*REQUIREMENT*: Write out every record exactly as it appears. Skip the pictures.
- - -
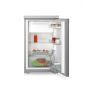 Liebherr Rsve 1201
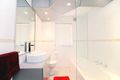 Property photo of 5/363-367 New Canterbury Road Dulwich Hill NSW 2203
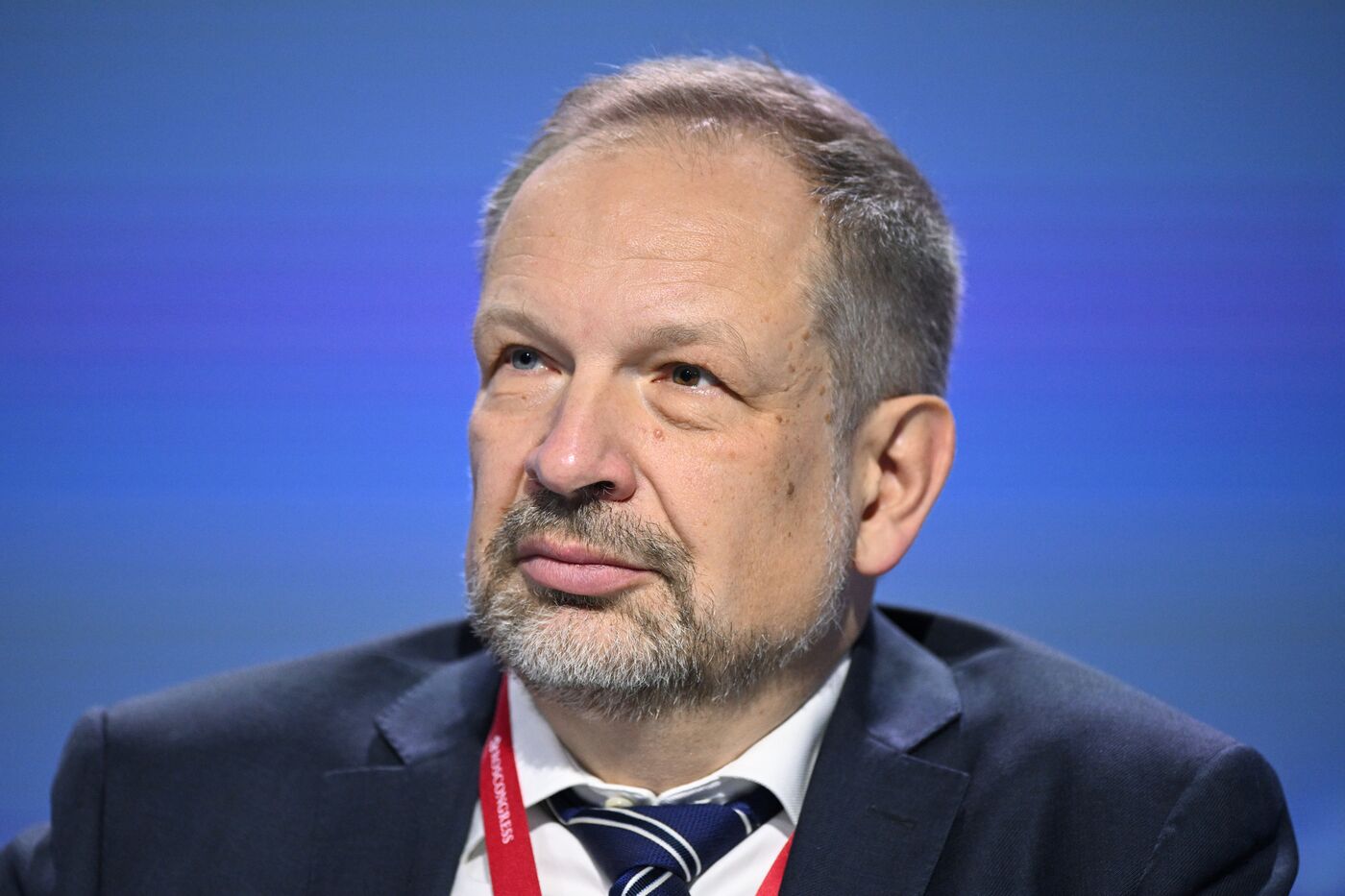 IV КМУ-2024. Космос и будущее: станет ли космос снова локомотивом научно-технологического развития страны?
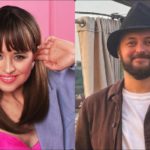 Ex-sposa di Zdzio si rivolge pubblicamente a lui e mostra una foto rara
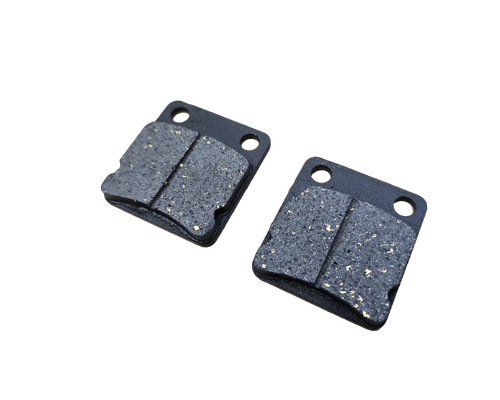 Sachs madass 125 - sachs,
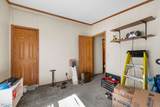 4784 Timberview Drive - Photo 12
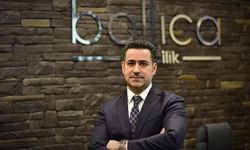 Yatırım Ve İstihdam İçin Destek Mekanizmasına İhtiyaç Var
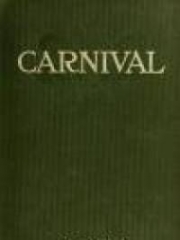 Carnival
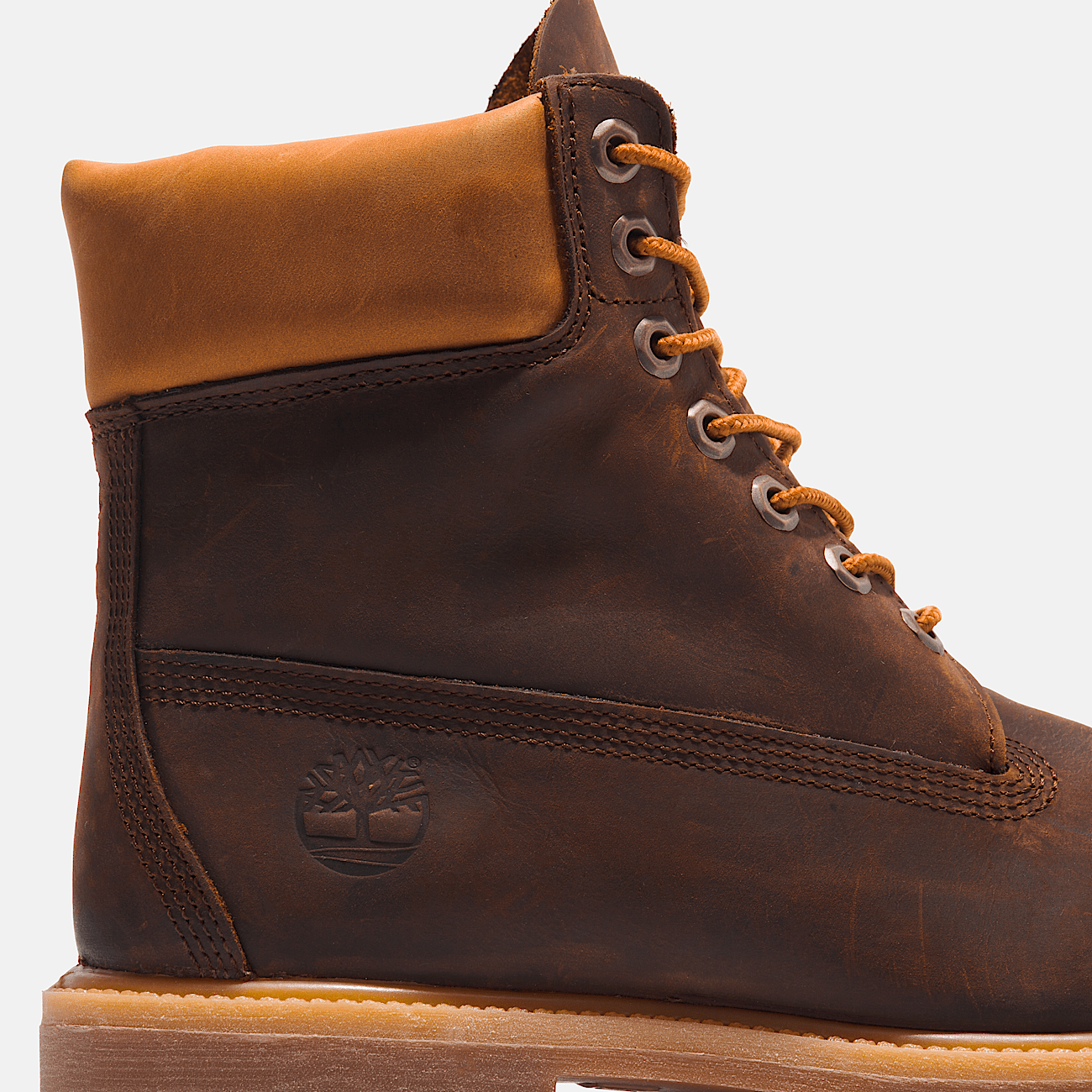 High top timberlands mens sales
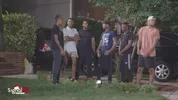 Degenerate temporada 1 (completo)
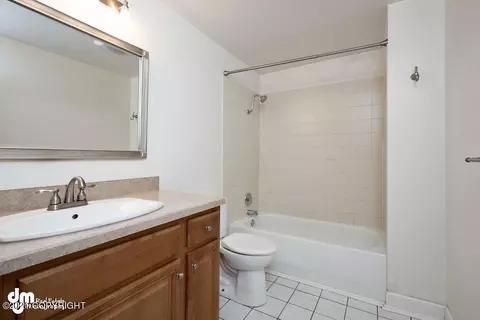 3921 Checkmate Dr, Anchorage, AK 99508 photo 26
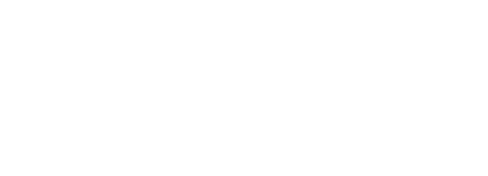 Smokey Woods Logo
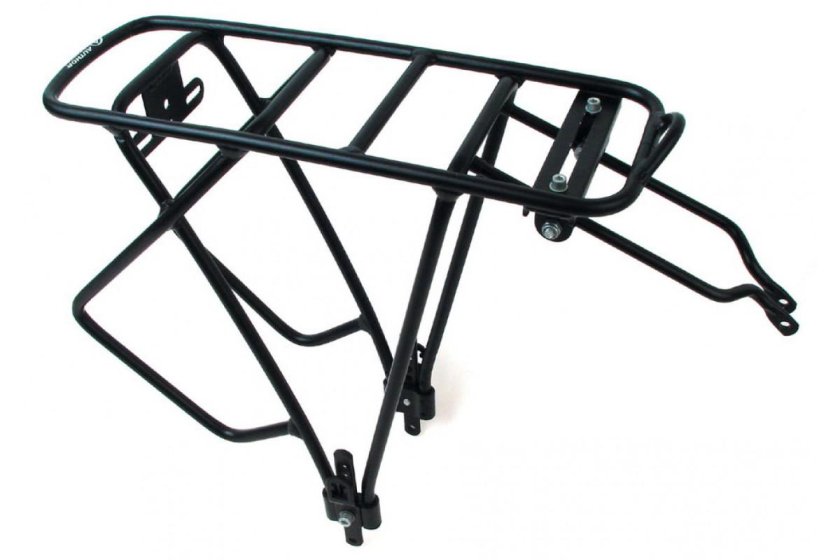 Багажник для велосипеда задний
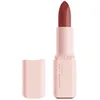 Image de Rouges à lèvres Maybelline New York  Peut-être S 39;agit-il Du Rouge À Lèvres Sérum N° 103 - Make I P31652560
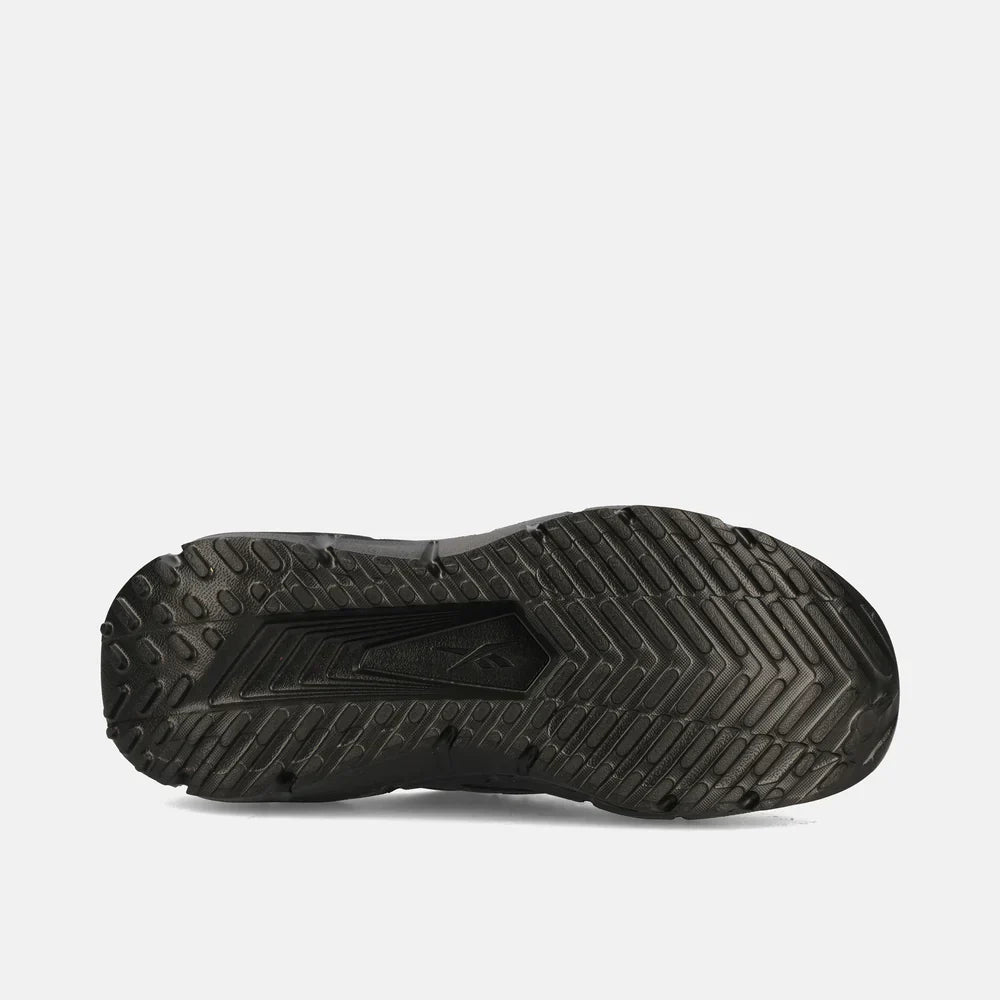 Zig Clog (3)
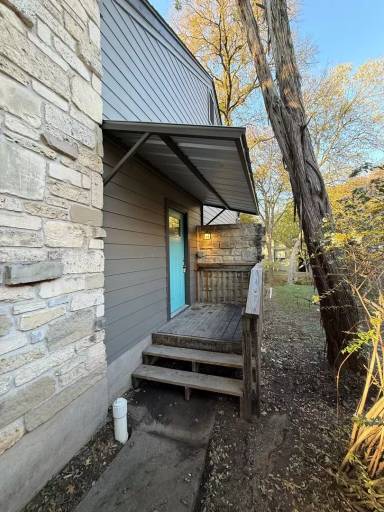 Main picture of 1606 Waterloo Trl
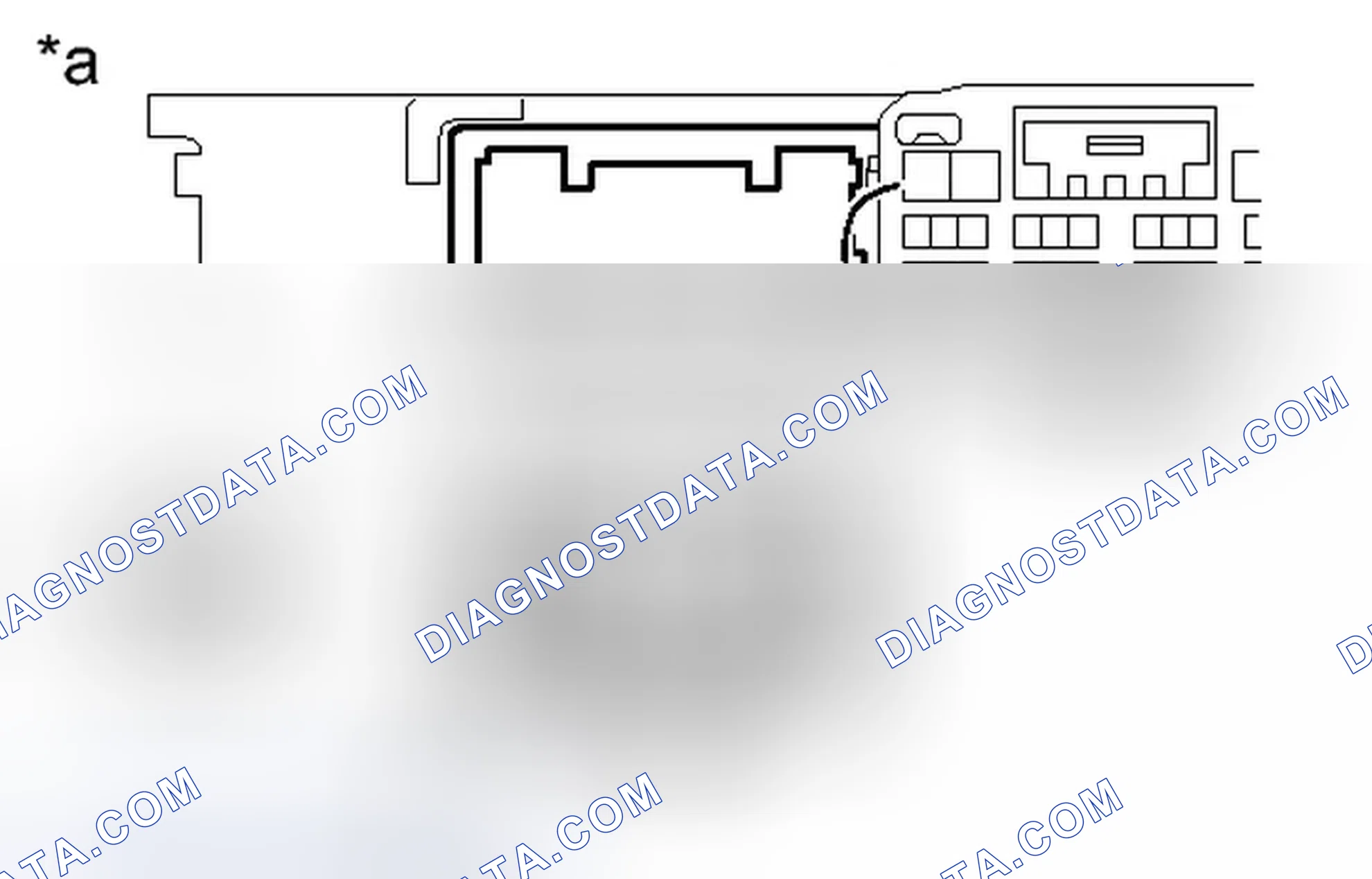 Scheme 74: PROCEDURE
- - -
*ANSWER SPACE*:
 Liebherr Rsve 1201
 Property photo of 5/363-367 New Canterbury Road Dulwich Hill NSW 2203
 IV КМУ-2024. Космос и будущее: станет ли космос снова локомотивом научно-технологического развития страны?
 Ex-sposa di Zdzio si rivolge pubblicamente a lui e mostra una foto rara
 Sachs madass 125 - sachs,
 4784 Timberview Drive - Photo 12
 Yatırım Ve İstihdam İçin Destek Mekanizmasına İhtiyaç Var
 Carnival
 High top timberlands mens sales
 Degenerate temporada 1 (completo)
 3921 Checkmate Dr, Anchorage, AK 99508 photo 26
 Smokey Woods Logo
 Багажник для велосипеда задний
 Image de Rouges à lèvres Maybelline New York  Peut-être S 39;agit-il Du Rouge À Lèvres Sérum N° 103 - Make I P31652560
 Zig Clog (3)
 Main picture of 1606 Waterloo Trl
 Scheme 74: PROCEDURE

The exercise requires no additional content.